◆ Problem to solve ◆
Only those lines in the data below from the line containing "Disintegration in Gigantoonz Slot" through the line containing "Spot encastrable New", both included, should be restated word for word.

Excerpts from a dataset
== == ==

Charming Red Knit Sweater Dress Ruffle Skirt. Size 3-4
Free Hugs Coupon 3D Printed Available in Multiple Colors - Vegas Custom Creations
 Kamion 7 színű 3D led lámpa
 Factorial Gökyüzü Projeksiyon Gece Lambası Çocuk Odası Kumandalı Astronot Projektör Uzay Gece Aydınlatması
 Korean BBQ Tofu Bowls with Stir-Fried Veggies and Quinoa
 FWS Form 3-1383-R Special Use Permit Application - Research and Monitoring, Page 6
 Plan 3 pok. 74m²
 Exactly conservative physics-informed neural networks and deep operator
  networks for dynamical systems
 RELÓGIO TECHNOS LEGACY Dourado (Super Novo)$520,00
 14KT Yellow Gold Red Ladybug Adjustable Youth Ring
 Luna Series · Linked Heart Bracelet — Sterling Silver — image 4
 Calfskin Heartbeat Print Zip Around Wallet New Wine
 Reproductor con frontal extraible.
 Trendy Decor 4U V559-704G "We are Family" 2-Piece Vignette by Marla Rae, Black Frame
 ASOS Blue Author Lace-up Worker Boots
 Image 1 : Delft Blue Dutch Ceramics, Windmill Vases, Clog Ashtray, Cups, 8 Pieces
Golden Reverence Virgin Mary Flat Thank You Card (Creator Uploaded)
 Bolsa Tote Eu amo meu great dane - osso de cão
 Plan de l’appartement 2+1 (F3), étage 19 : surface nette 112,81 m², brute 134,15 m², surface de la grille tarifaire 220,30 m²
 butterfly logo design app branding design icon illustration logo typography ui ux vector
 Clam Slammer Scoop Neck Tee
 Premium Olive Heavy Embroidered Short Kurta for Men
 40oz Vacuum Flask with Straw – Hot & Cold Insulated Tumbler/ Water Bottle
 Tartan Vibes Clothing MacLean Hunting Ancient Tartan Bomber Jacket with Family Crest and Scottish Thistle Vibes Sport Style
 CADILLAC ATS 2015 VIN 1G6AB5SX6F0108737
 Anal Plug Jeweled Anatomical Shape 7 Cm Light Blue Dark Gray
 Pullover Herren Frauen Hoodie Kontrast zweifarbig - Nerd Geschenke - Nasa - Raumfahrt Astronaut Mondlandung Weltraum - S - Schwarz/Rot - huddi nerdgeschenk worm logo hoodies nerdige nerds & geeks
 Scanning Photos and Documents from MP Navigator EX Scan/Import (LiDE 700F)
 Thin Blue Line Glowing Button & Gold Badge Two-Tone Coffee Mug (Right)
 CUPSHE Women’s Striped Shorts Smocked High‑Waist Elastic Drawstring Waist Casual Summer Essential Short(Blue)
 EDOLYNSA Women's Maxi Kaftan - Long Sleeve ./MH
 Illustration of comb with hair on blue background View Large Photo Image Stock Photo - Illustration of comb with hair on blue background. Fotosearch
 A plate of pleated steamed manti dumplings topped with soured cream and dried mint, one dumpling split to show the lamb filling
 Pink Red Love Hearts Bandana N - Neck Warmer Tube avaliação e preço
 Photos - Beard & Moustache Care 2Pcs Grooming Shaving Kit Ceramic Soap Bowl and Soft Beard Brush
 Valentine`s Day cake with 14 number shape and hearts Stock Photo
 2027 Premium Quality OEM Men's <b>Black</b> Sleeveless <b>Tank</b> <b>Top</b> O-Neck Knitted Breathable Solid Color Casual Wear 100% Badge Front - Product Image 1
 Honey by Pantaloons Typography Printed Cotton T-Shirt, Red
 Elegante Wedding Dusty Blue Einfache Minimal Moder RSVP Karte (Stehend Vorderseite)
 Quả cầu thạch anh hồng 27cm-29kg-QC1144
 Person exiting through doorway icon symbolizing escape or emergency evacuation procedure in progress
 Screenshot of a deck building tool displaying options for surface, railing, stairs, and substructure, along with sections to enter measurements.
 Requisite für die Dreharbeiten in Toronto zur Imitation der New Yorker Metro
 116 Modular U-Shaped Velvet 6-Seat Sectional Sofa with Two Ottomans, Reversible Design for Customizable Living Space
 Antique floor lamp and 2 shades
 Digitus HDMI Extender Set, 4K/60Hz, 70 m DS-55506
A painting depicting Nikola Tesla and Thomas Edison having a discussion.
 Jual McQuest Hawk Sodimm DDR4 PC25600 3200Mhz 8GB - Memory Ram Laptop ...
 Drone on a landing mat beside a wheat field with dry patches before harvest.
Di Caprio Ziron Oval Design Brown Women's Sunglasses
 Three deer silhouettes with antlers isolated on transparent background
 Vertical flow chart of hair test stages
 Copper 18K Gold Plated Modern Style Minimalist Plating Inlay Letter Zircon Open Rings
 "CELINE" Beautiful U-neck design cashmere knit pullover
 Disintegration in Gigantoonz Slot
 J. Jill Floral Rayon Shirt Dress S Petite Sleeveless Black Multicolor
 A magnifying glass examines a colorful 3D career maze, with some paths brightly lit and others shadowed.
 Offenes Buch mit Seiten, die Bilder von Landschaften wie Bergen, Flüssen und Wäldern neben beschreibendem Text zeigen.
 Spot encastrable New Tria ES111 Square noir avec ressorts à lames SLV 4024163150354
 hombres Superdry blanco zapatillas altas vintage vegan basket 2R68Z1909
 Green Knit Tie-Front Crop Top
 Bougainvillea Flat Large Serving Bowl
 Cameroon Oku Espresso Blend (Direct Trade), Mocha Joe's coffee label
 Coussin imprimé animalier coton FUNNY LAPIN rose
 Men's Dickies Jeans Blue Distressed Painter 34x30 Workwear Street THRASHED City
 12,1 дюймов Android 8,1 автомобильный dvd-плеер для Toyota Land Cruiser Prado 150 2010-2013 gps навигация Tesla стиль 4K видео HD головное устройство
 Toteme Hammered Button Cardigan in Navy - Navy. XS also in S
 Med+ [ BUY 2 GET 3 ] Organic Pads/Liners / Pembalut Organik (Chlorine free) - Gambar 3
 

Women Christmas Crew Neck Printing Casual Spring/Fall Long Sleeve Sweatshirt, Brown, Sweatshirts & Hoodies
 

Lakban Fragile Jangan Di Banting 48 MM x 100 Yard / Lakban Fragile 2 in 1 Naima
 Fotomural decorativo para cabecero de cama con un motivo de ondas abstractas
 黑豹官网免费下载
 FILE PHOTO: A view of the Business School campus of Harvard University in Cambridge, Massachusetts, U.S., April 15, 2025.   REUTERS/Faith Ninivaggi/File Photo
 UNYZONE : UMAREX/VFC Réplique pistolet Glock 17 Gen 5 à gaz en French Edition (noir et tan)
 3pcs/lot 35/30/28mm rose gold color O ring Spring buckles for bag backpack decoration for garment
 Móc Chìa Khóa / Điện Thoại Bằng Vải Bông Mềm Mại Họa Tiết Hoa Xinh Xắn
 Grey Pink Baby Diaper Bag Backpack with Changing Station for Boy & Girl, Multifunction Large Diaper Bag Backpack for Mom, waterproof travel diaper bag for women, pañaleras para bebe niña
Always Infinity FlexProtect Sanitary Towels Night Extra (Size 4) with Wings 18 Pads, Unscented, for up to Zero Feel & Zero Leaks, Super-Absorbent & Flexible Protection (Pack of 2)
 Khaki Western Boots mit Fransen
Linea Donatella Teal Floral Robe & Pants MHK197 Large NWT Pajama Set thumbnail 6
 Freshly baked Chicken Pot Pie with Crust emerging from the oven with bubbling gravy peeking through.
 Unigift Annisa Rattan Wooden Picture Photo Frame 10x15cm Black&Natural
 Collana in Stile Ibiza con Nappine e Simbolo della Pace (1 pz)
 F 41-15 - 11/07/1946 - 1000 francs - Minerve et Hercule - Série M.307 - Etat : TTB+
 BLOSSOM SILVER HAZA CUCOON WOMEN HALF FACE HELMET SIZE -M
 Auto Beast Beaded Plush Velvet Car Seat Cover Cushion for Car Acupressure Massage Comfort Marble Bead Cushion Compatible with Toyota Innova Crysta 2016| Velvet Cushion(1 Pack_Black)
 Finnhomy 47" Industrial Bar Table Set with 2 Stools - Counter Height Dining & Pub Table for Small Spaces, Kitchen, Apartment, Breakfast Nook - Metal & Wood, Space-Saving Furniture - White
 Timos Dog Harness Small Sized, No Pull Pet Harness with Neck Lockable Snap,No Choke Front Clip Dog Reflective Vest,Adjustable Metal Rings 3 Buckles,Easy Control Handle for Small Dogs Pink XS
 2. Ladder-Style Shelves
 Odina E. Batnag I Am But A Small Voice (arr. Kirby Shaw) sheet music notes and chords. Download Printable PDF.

== == ==

◆ Solution for this problem ◆
 Disintegration in Gigantoonz Slot
 J. Jill Floral Rayon Shirt Dress S Petite Sleeveless Black Multicolor
 A magnifying glass examines a colorful 3D career maze, with some paths brightly lit and others shadowed.
 Offenes Buch mit Seiten, die Bilder von Landschaften wie Bergen, Flüssen und Wäldern neben beschreibendem Text zeigen.
 Spot encastrable New Tria ES111 Square noir avec ressorts à lames SLV 4024163150354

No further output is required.